How AI Actually Splits A Song Into Stems
Pulling the vocal, drums and bass out of a finished mix sounds impossible, like un-baking a cake. Here's what's really happening, and why some parts come out clean while others stay a little messy.
Short answer
How does an AI stem splitter work?
An AI stem splitter separates a mixed song into its parts, vocals, drums, bass, guitar and piano, by recognizing each instrument’s fingerprint in a spectrogram and rebuilding every part as its own track. Riffloop runs this separation on your device, on the YouTube song you’re watching or a file you upload, so you can solo or mute any part while you practice.
When you play a song, your speaker cone is doing exactly one thing: moving back and forth along a single path. Every instrument, every voice, the whole band, has already been summed into one blended waveform. There is no hidden "vocal track" tucked inside the file waiting to be extracted. There's just the sum.
So asking software to hand you back the isolated vocal is asking it to un-bake the cake, to look at the finished mix and reconstruct ingredients that were blended together and, strictly speaking, thrown away. That it works at all is genuinely impressive. Understanding how tells you exactly when to trust it.
01The model learns what each part looks like
AI separation is trained on enormous libraries of songs where the isolated tracks are known: the studio has the real vocal, the real drums, the real bass on their own. The network gets shown the full mix alongside those true parts, over and over, until it learns what a vocal, a snare, a bass note tend to look like as a picture of frequencies over time, a spectrogram.
Then, faced with a brand-new song it has never heard, it estimates a kind of stencil for each part, deciding which frequencies at each instant belong to the vocal, which to the drums, and so on, and lifts them out. It isn't recovering the original files. It's making an educated guess, informed by every song it trained on.
02Why some parts come out cleaner
Not every instrument is equally easy to guess, and this is the part worth knowing before you judge a result:
- Vocals and drums separate cleanly. Voices have a distinctive fingerprint and drums are sharp bursts in time, so the model can spot them confidently. On a good mix they come out close to the original.
- Bass and piano come out very well. They occupy fairly predictable ranges, so there's less guessing.
- Synths, strings, and "everything else" are the noisiest. They smear across the same frequencies as the other instruments, so the model can't cleanly decide who owns what. That leftover "other" bucket is the roughest part of any separation, in every tool on the market, not just one.
03The recording matters more than the tool
People blame the software when a stem comes out watery, but the bigger factor is usually the source. A clean, well-mixed studio recording gives the model clear ingredients to pull apart. A phone-recorded live clip, a lo-fi upload, or a heavily-processed track hands it a mix where the sources are already blurred into each other, and no amount of cleverness fully un-blurs them.
So if a result disappoints, try a cleaner version of the same song before you blame the tool. Garbage in doesn't mean garbage out exactly, but it does mean harder out. That's physics, not a bug.
04On your device, or up to a server
There's one more design choice that quietly matters: where the separation runs. Many tools upload your audio to their servers, do the work in the cloud, and send stems back. That means your files, including anything you recorded yourself, leave your machine.

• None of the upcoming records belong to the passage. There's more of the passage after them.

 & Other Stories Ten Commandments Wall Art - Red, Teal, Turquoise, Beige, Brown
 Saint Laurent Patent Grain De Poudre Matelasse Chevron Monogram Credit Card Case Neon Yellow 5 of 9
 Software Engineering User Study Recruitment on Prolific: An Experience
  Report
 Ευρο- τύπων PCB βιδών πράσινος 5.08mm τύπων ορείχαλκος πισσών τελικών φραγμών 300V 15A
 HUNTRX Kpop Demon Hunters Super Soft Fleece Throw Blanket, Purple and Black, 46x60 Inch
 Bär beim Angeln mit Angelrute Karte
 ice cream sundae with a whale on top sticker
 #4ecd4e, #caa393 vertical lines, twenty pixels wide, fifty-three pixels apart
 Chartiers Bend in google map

Riffloop runs the separation on your device instead, right on the YouTube video you're watching or a file you upload, and pulls the song into six stems, vocals, drums, bass, guitar, piano and the rest, so nothing is uploaded. For a practice tool you'll point at demos and lesson recordings, keeping the audio local is the difference that lets you not think about it.
Split any song into six stems
Separate a song into vocals, drums, bass, guitar, piano and the rest, then solo or mute each one, on the YouTube video or a file you upload. Free to start, no signup, nothing leaves your device.

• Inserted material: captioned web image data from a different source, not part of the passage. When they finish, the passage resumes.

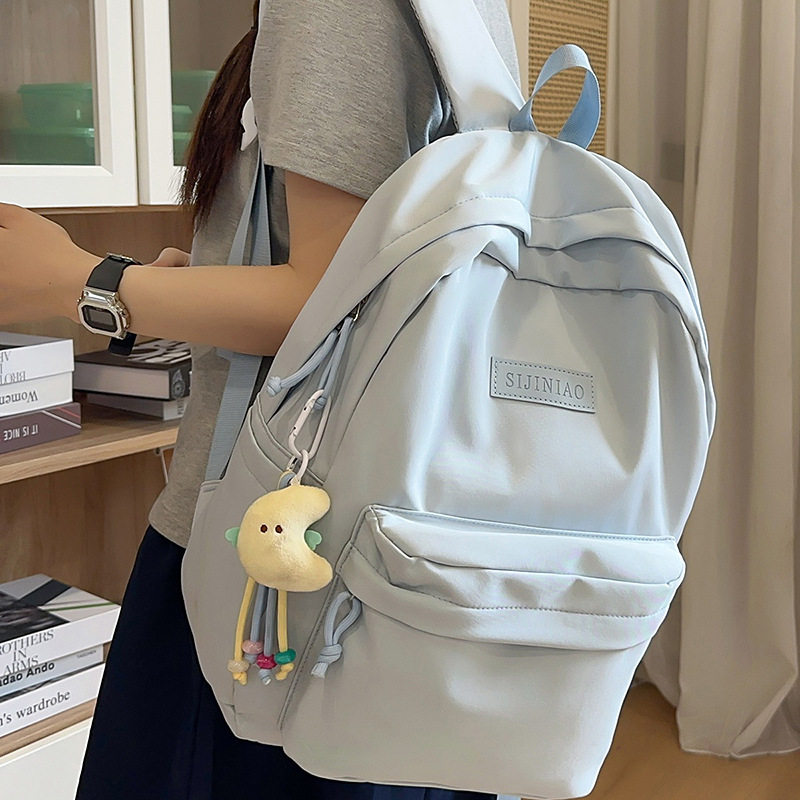 2025高中生书包女 初中生学院风双肩包 纯色大学生简约百搭背包
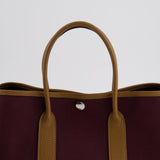 Hermès Garden Party 30cm Bag in Prune Canvas and Alezan Negonda Leather with Palladium Hardware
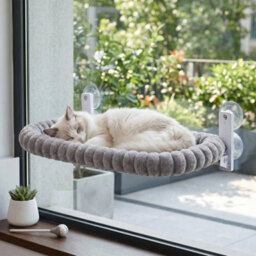 Cat Window Hammock Bed Perch With 4 Strong Suction Cups For Indoor Cats Sturdy Grey- 52X30Cm - thumbnail 3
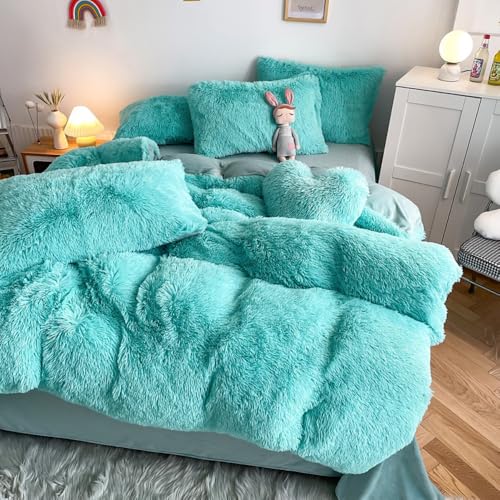 chovy Faux Fur Plush Sky Blue Comforter Sets Twin Ultra Soft Shaggy Flannel Velvet Fluffy Fuzzy 3PC Bedding Set Comforter x 1 Pillowcases x 2 - Image 3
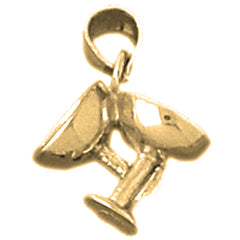 10K, 14K or 18K Gold 3D Toasting Glasses Pendant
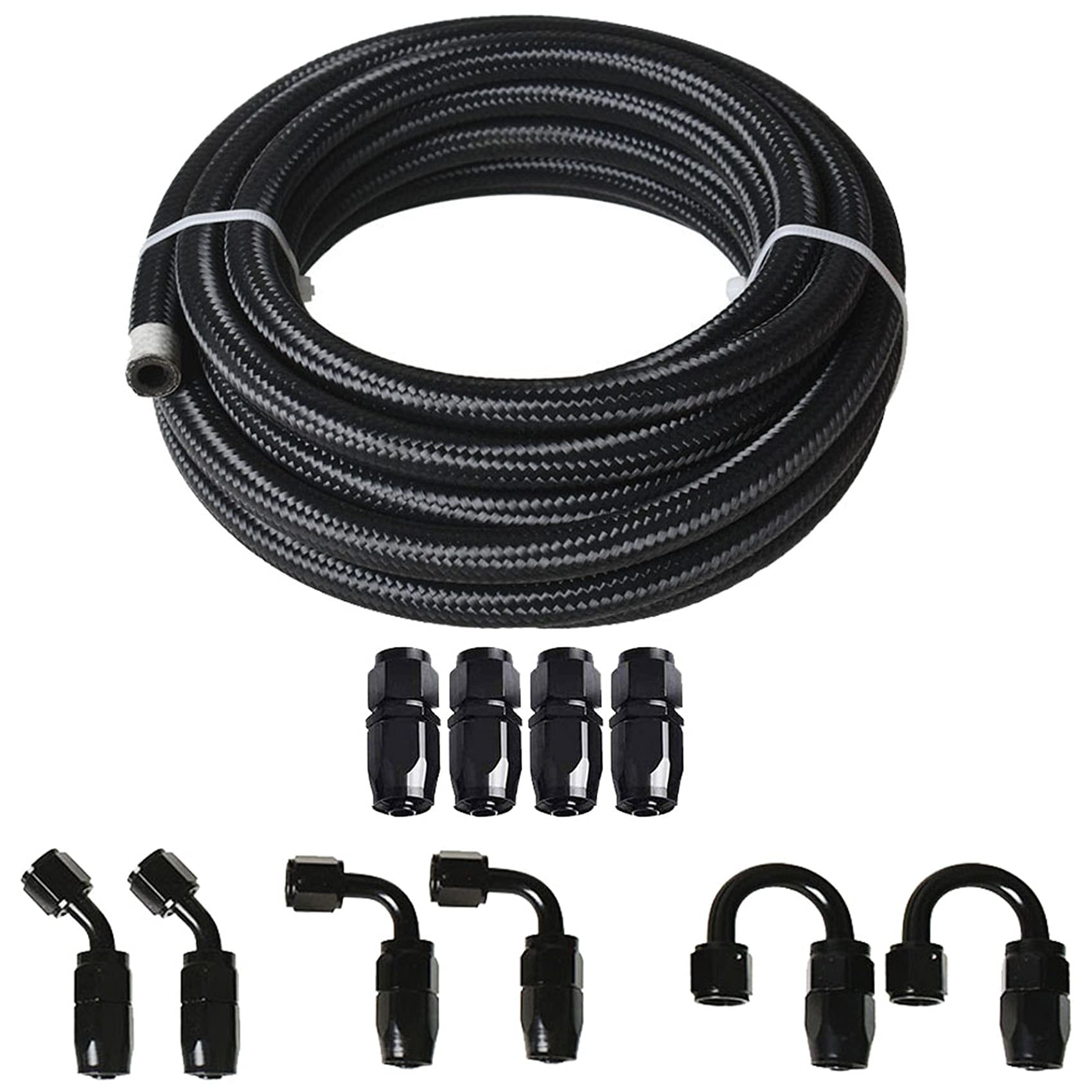 Labwork 4AN 20FT Nylon Braided Fuel Line Kit - 10PCS Swivel Fittings for Oil/Gas Transfer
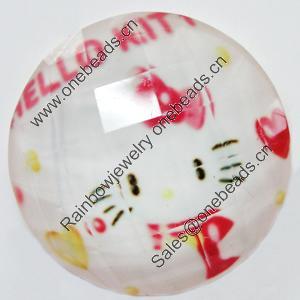 Resin Cabochons, No-Hole Jewelry findings, Faceted Round, 30mm, Sold by Bag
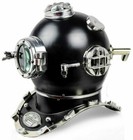 Antique Us Navy Mark V Black Vintages Brass Deep Sea Scuba Divers Diving Helmet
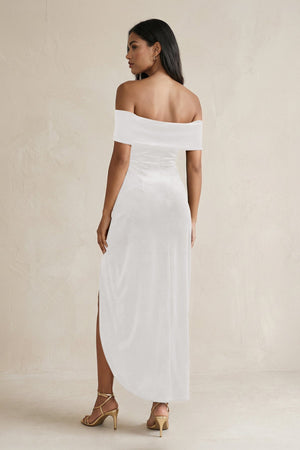 Off - the - Shoulder Sheath Velvet Midi Bridesmaid Dress in Ivory - KISS BRIDAL Bridesmaid Dresses
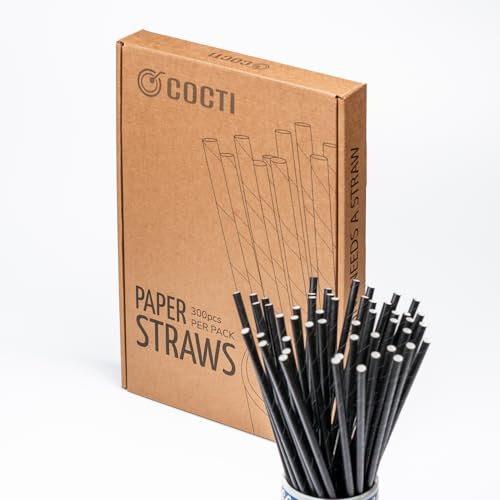 Cocti Paper Straws - Durable, Tasteless Drinking Straws for Parties, Events & Everyday Use - Biodegradable Alternative to Plastic - Sturdy Design That Won't Go Soggy – 200mm x 6mm, Black 300pcs.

05Knowing the guess makes you use it better
Once you stop expecting perfection, stems become an incredibly useful practice tool. Trust the vocal, drum, and bass isolations. Expect the strings-and-synth bucket to be rough and don't try to transcribe fine detail out of it. Feed it the cleanest recording you can find. Do that and you'll get exactly what separation is good for: hearing a single part clearly enough to finally learn it.
It was never magic. It's a very good guess, trained on a mountain of music, running quietly on your laptop. That's more than enough to change how you practice.